Chance of precipitation is 100%. New snow accumulation of 11 to 17 inches possible.
-Sunday Night Snow showers likely. Cloudy, with a low around 9. Windy.
Somehow putting out a forecast of a 12"+ "megastorm" for Minnesota in winter suddenly feels... inadequate.
Rumors of snow late next week?
Call it "A big maybe" at this point.
GFS runs Thursday hinted at some "phasing" of upper air and surface systems near Minnesota late next week. If that happens...and it's a big if a week out...there could be a chance of some significant snow next Thursday night or Friday on Minnesota.
It could also be just a passing forecast model fantasy...especially from the notoriously dicey GFS Model.
Still, the overall pattern suggests something may be in the cards.
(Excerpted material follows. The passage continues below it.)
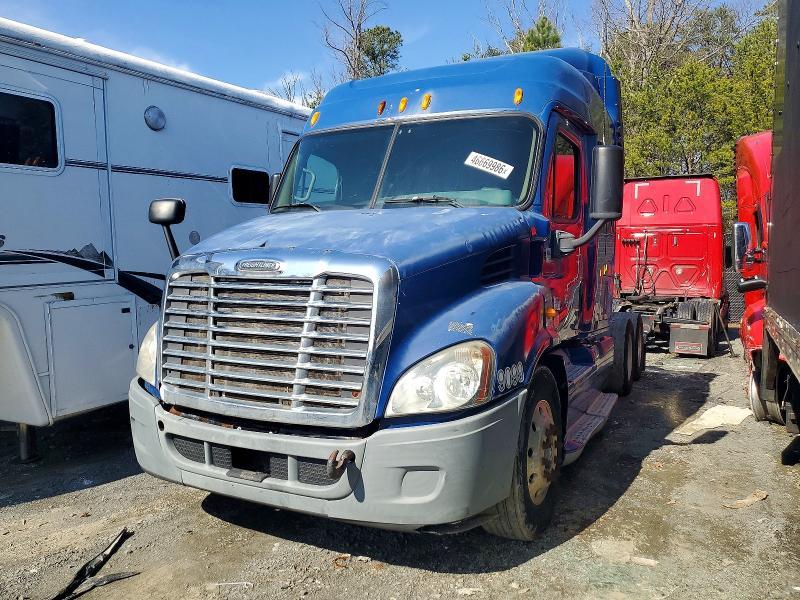 2010 Freigliner Cascadia 113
It's (always) too early for apocalyptic headlines a week out, but this one may be worth watching.
Forecasting snow: Tougher than hurricanes
People often ask me "What's the toughest thing to forecast Paul?"
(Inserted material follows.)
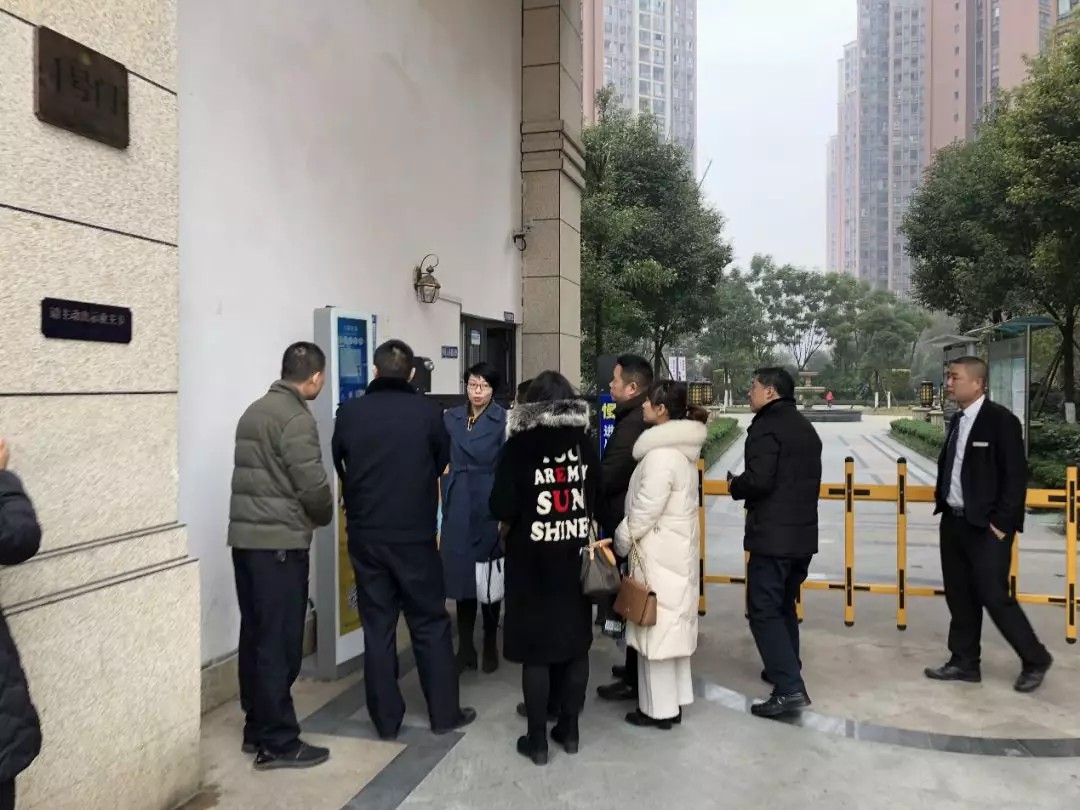 新都區街道、社區、公安一行參觀91香蕉视频在线播放（ān）智慧社區。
My quick answer is always "snow storms."
Snow systems are highly complex animals. Storms tracks, moisture, temperature profiles and upper air energy all have to come together to get heavy snow. If just one element is missing, or if a storm track moves just 50 miles...or enough warm air works north to raise temperatures 2 degrees...it can be the difference between an inch of rain and a foot of snow.
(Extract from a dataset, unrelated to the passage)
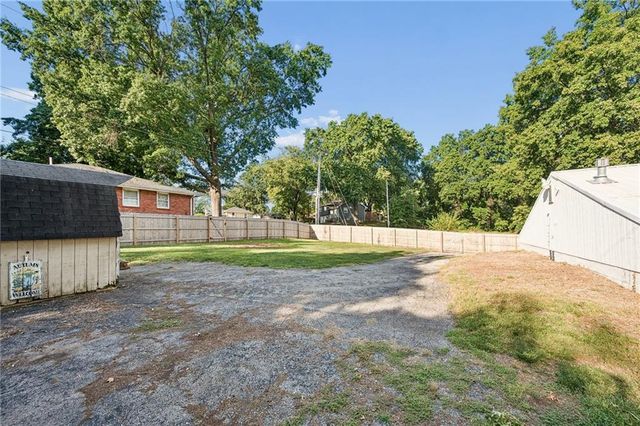 14601 E 39th Street S, Independence, MO 64055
These big beautiful beasts of winter are challenging to forecast. Forecasting hurricane tracks 3 days out actually proves more accurate than forecasting snowfall totals 3 days ahead.
That's why here at the Weather Lab we use the "24 hour rule."
Before a storm, I'll let you know about potential timing and the relative size of the storm. If there is a potential for significant snow...or heavy snow I'll say that if I think it's credible a few days in advance. That gives you, our customers, good longer range planning capability for a possible event.
As we approach 24 hours before the snow flies, I'll issue an more specific "inches" forecast. Why 24 hours? 24 hours is about where overall forecast accuracy..the "state of the science" that is meteorology...and having adequate time to plan ahead for a storm are "optimized."
You may hear forecasters throwing around multiple "inches forecasts" days in advance. 6" to 12" becomes 3" to 6" becomes 1" to 3" and back again. It gets to the point where that approach has little value...except to entertain and confuse.
The "meteorological reality" is that snowfall forecasting accuracy dramatically increases about 24 hours before the event. Even then, forecasting snow is one of the toughest forecasts we make as meteorologist.
It's also one of the most entertaining things I've ever done in my life. Instant gratification or widespread public ridicule is only a few hours away!